In the old town section of the French city of Rouen, there’s a shop called Chocolateria Auzo that masterfully prepares classic sweets. In addition to its macaroons, its most famous product is bolstered by legend as well as taste. These are chocolate covered almonds known as “Joan of Arc Teardrops.” The relevance is that the shop is near the site where Joan, to be known as the Maid of Orleans and later canonized as a saint, was burned at the stake in 1431.

For 10 of the 50 years of New Orleans Magazine’s existence, Joan has been the company symbol. A close-up of her statue that stands in the French Quarter was on the magazine’s first issue published after Katrina. It is a striking image; this young girl, an eternal symbol of youth, dressed as a knight, performing as a general in the face of adversity, her extended right arm elevating a flag as though to charge into the future, We needed Joan to inspire us back in 2005 as we picked up the pieces from the storm and wondered about our lives. With her as our logo, a new company – Renaissance Publishing – was formed.
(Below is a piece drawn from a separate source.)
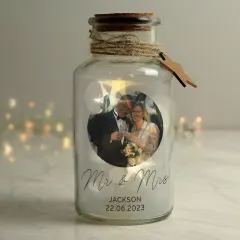 Personalised Photo Upload LED Glass Jar, Custom Text Engraved Memory Light Gift thumbnail 5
By coincidence, I spent a morning in Rouen during the time this anniversary issue was in production. It was in that town that the adventure of her life came to an end. According to legend, her being disguised as a boy gave prosecutors all the argument they needed to declare her to be a witch and to face the punishment.
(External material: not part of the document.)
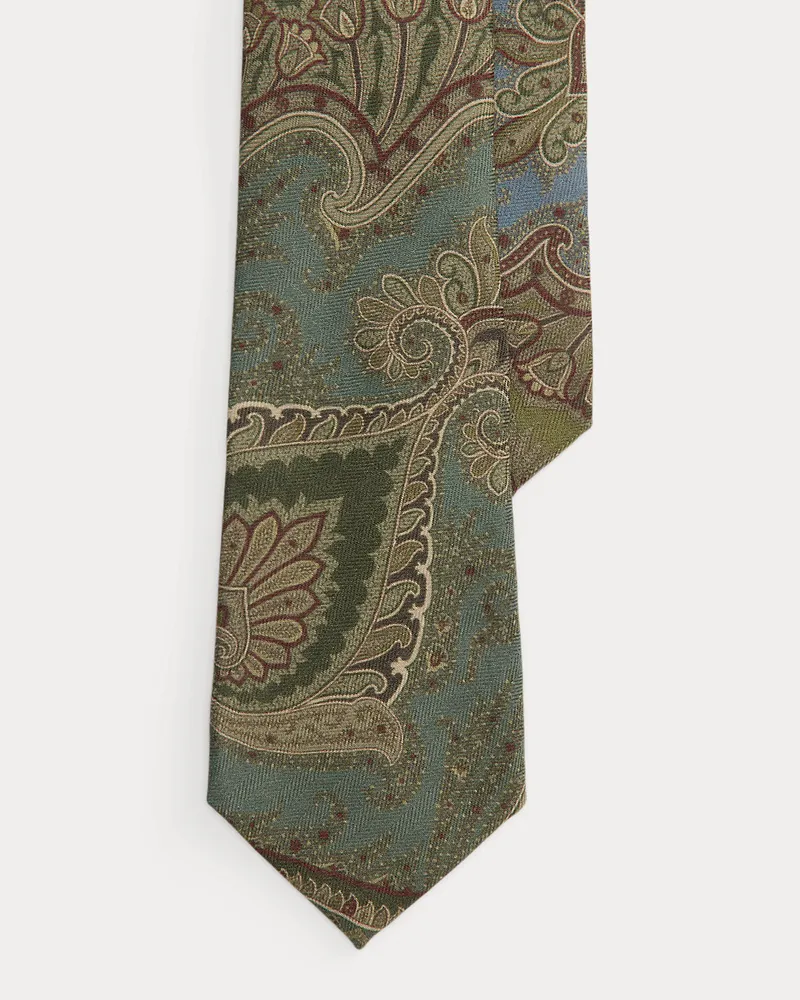 Ralph Lauren Seidenkrawatte mit Paisleymuster Multi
Her fate was met at the Place du Vieux Marché, a town square where the stake was placed in the center. Today, there’s a garden on the fatal site with a small monument marking the spot. At the front is a church, Eglise Jeanne d’Arc, which in this old city of medieval buildings is surprisingly modern. The roof, instead of being guarded by gargoyles and marble saints, swoops up to represent flames angling toward heaven. Leave it to Joan, stirring things up again.

Old town Rouen is a busy area filled with quaint shops, cafes and omnipresent selfie-taking tourists, just like in old town New Orleans named after the French city of Joan’s conquest. Joan has been good for business. Historically she has also been good for inspiration.

When teardrops are chocolate almonds, the world must be a better place.